(Beginning of Data for the task)

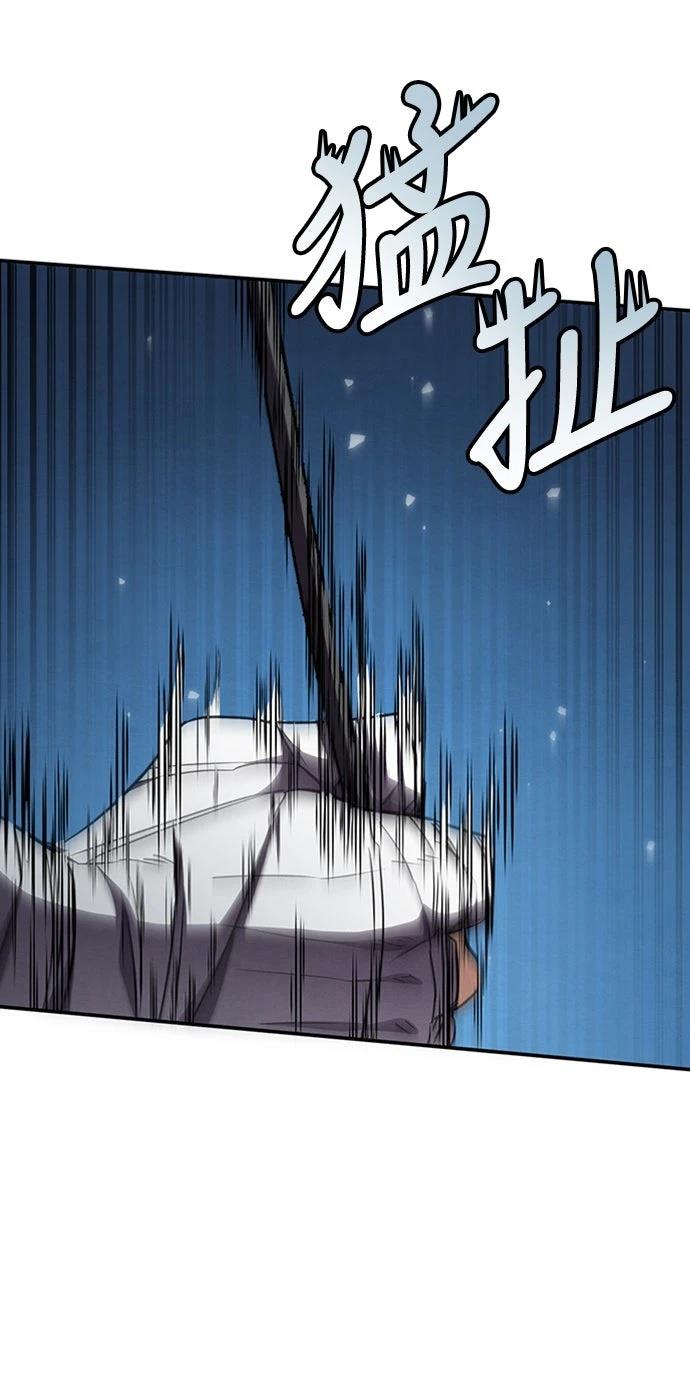 第15话20
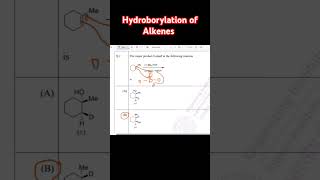 Stereoselective Reaction [upl. by Tempest]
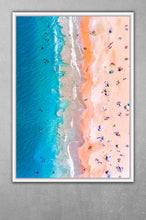 "Australia Day" - Leighton Beach, North Fremantle (Perth, Australia)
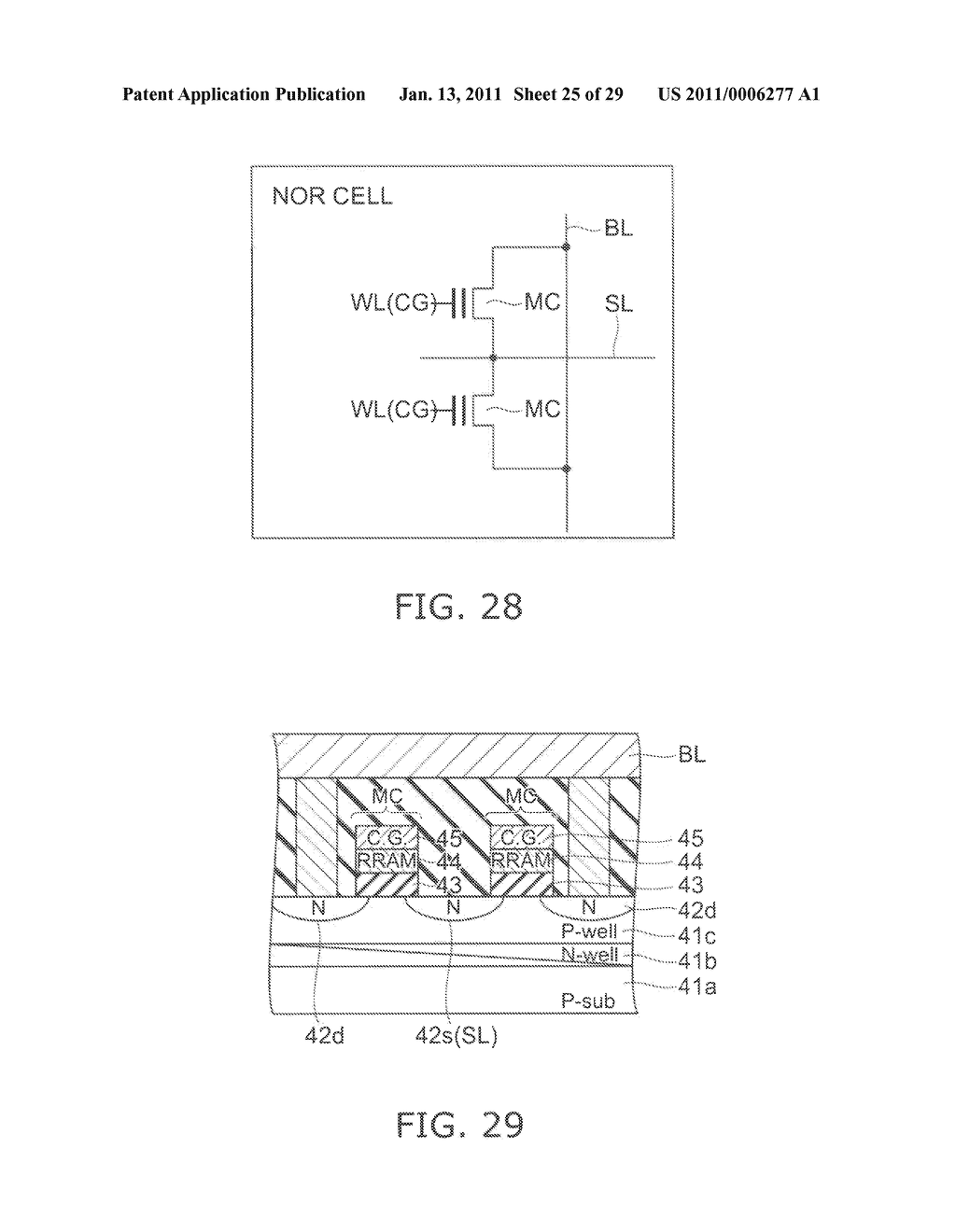 INFORMATION RECORDING AND REPRODUCING DEVICE - diagram, schematic, and image 26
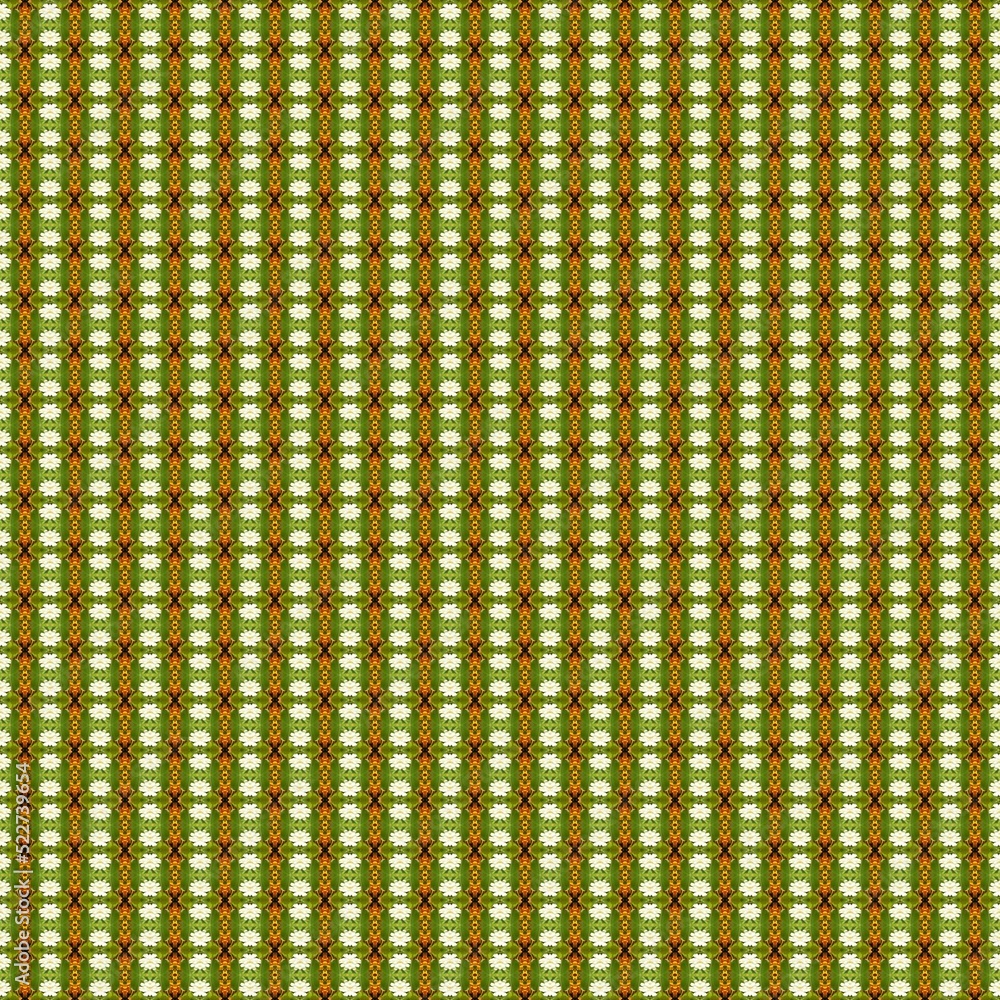 Pattern Background , Pattern Wallpaper , Abstract design Pattern Background , Pattern Wallpaper , Abstract design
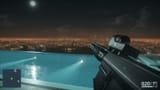 bfh 2025-06-18 04-31-32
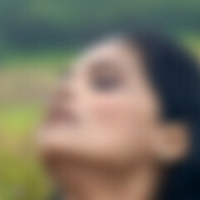 k_raginee_yogesh Alaston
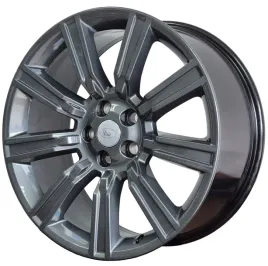 grafit-felgi-land-rover-range-rover-range-rover-sport-discovery-5-21-cali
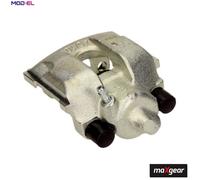 MAXGEAR 82-0236 Brake Caliper for BMW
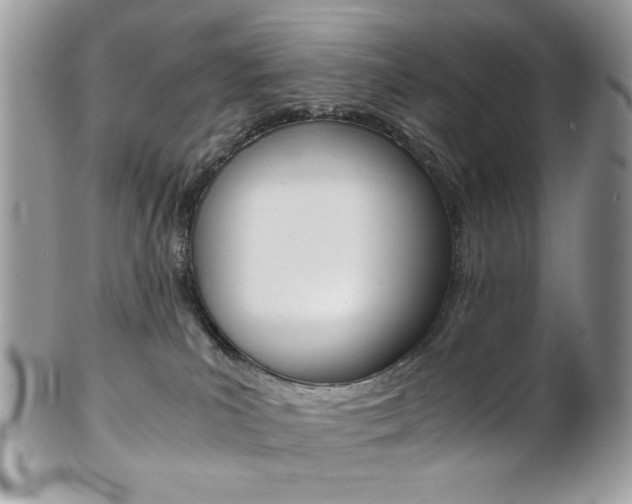X0000101410039200807071017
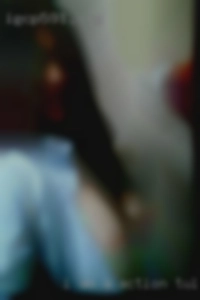 I am a 44 year old single action Tulsa, OK indian male.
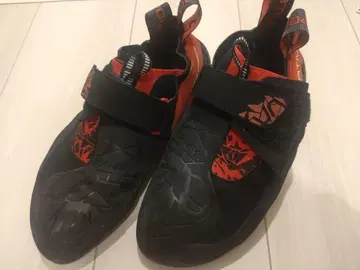 LA SPORTIVA P3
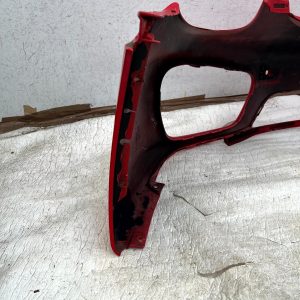 Porsche Cayman S Front Bumper 2013 TO 2016 9167240300106 Genuine - Image 13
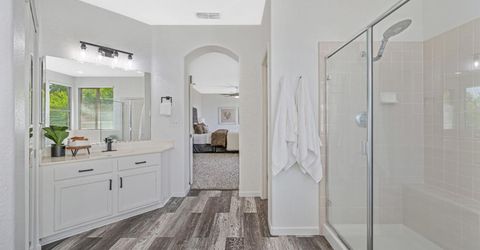 6094 Brogan Way, El Dorado Hills, CA 95762 Photo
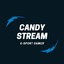 Candy_stream_pr_CTP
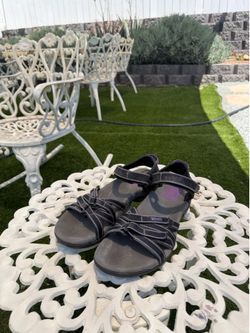 Women’s Teva Tirra Sport sandals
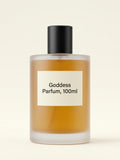 Burberry Goddess Parfum 100ml - British product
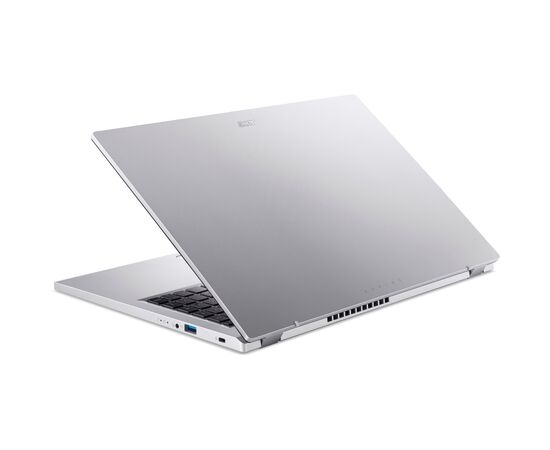 Ноутбук Acer Aspire Go AG15-71P-59GX (NX.J6SEU.00C), изображение 6 Ноутбук Acer Aspire Go AG15-71P-59GX (NX.J6SEU.00C), изображение 6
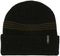 Autumn 2024 Mini Stripe Beanie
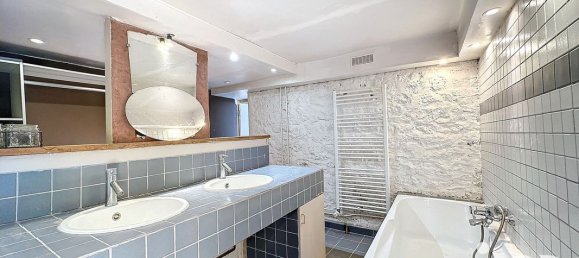 5 Schlafzimmer Haus in Amilly, France, Nr. 68477 30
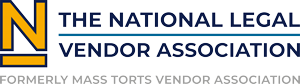 National-Legal-Vendor-Association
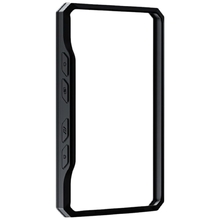 Chigee AIO-6 Shockproof Case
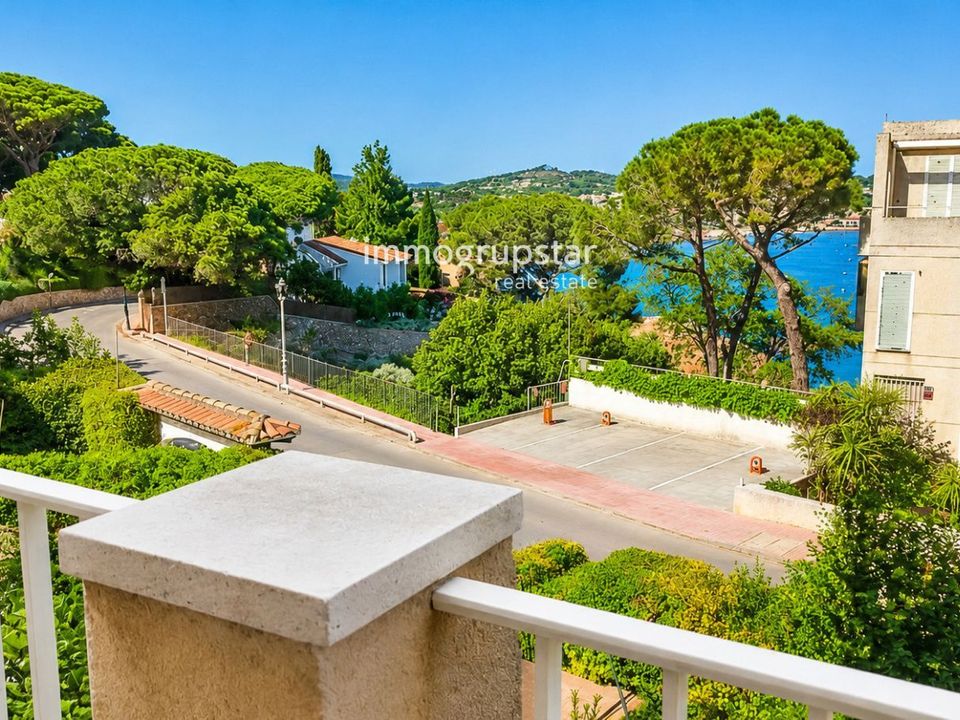 Duplex i S'agaro, Gerona - foto 1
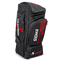 Tramboo Sigma Kit Bag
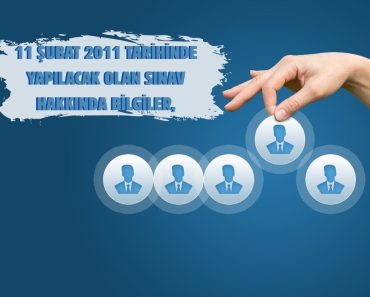 SAYIN SÜRÜCÜ ADAYLARI ; SAYIN SÜRÜCÜ ADAYLARI ;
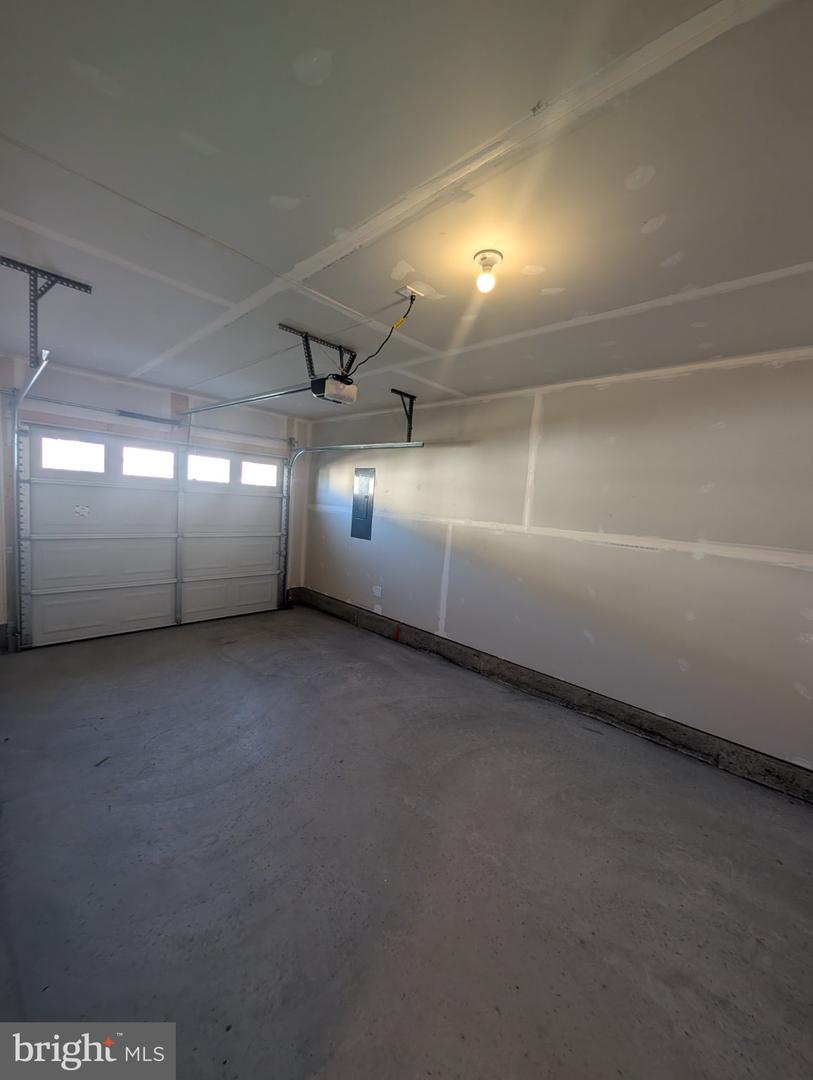180 Sioux Loop, Winchester, VA 22602 — photo 3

(End of Data for the task)

◆ Description of the task
Look above for the line with "6094 Brogan Way, El", then print it and each line after it down to and including the line with "Duplex i S'agaro, Gerona - foto 1". Leave out the pictures and keep the wording exact.

◆ Solution to the exercise
 6094 Brogan Way, El Dorado Hills, CA 95762 Photo
 Candy_stream_pr_CTP
 Women’s Teva Tirra Sport sandals
 Burberry Goddess Parfum 100ml - British product
 Ноутбук Acer Aspire Go AG15-71P-59GX (NX.J6SEU.00C), изображение 6 Ноутбук Acer Aspire Go AG15-71P-59GX (NX.J6SEU.00C), изображение 6
 Autumn 2024 Mini Stripe Beanie
 5 Schlafzimmer Haus in Amilly, France, Nr. 68477 30
 National-Legal-Vendor-Association
 Chigee AIO-6 Shockproof Case
 Duplex i S'agaro, Gerona - foto 1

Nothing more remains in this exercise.